En décembre 2008, PDI apprend que RQ, qui administre la TPS au Québec, a déclaré qu’une solution contenant de l’épinéphrine ne pouvait être assimilée à l’épinéphrine elle-même et qu’elle était taxable. Comme cette déclaration est claire et définitive, et que PDI souhaite se conformer à ses obligations fiscales, la société commence à percevoir et à remettre la TPS sur ses ventes de la solution. PDI fait l’objet d’une vérification en 2009-10, et le vérificateur de RQ confirme clairement que la solution anesthésique est taxable. Le vérificateur établit un avis de cotisation en mars 2010 pour plus de 1 M$ de TPS non remise sur la solution de 2005 à 2008.
PDI ne fait pas opposition dans le délai de 90 jours (pour juin 2010), parce qu’elle n’a aucune raison de penser que la solution anesthésique n’est pas taxable. Cependant, en mars 2011, un cabinet de consultants en TPS qui revoit les affaires de PDI informe la société qu’à la lumière d’un jugement de 2007 dans une cause connexe (mais non identique), la solution anesthésique pourrait bien être exonérée de TPS.
PDI obtient un rapport d’expert en médecine dentaire le 21 avril 2011, confirmant que l’épinéphrine constitue un ingrédient essentiel de la solution, ce qui semblerait l’affranchir de la TPS à la lumière du jugement dans la cause connexe. Six jours plus tard, soit le 27 avril 2011, PDI demande une prorogation de délai pour faire opposition.
L’ARC rejette la demande de prorogation, et PDI s’adresse à la CCI pour demander la prorogation. Il était clair que PDI n’avait pas l’intention de s’opposer avant l’expiration du délai de 90 jours. La question était donc de savoir si PDI était «incapable d’agir» pendant la période de 90 jours.
Le juge de la CCI a accueilli la demande. À son avis, PDI était «incapable d’agir» parce qu’elle ne disposait pas de toute l’information. La cause connexe avait été entendue par le tribunal plusieurs années auparavant; or, le vérificateur de RQ n’en était pas au courant et ne l’avait donc pas portée à l’attention de PDI. La décision de PDI de ne pas faire opposition dans le délai de 90 jours n’était pas une décision «éclairée», puisqu’elle se fondait sur les assertions définitives de RQ suivant lesquelles la solution anesthésique était taxable.

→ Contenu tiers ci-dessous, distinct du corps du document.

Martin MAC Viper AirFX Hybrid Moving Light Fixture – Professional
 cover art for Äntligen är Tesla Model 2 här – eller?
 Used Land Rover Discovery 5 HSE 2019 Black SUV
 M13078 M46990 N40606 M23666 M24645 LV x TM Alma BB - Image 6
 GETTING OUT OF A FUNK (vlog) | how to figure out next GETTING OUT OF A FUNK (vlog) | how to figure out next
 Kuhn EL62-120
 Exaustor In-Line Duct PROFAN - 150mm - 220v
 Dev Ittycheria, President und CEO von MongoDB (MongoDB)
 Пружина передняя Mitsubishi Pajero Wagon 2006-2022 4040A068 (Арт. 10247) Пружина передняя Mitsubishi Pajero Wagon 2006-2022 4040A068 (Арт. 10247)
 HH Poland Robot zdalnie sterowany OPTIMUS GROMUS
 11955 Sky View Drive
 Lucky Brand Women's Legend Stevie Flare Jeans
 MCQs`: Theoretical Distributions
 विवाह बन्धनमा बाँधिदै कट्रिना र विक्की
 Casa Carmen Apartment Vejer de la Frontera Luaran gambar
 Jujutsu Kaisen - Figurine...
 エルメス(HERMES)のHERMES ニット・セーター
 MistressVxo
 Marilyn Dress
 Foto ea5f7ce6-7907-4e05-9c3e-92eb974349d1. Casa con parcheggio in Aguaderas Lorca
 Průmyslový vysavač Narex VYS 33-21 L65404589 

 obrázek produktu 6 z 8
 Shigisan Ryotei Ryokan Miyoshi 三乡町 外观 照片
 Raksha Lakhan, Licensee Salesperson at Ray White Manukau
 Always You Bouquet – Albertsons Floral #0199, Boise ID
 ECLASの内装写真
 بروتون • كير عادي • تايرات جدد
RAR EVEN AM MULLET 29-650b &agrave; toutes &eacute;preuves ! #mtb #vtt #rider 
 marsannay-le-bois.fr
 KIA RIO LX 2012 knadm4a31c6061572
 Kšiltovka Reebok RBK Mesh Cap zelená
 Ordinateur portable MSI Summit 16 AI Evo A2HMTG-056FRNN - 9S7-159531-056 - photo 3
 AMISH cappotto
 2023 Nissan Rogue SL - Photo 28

De plus, il serait «juste et équitable» d’accueillir la demande, satisfaisant une autre des conditions prévues pour une prorogation de délai. La question de savoir si la solution anesthésique était taxable était clairement légitime et sérieuse, et méritait d’être étudiée, considérant en particulier que plus de 1 M$ étaient en jeu. PDI «a démontré, par ses agissements passés, qu’elle a toujours tenu à se conformer à ses obligations fiscales», et elle ne devrait pas être laissée sans recours.
Ce jugement établit de nouvelles balises en permettant une prorogation de délai même si le contribuable en cause n’a pas réellement eu l’intention de faire appel dans les 90 jours.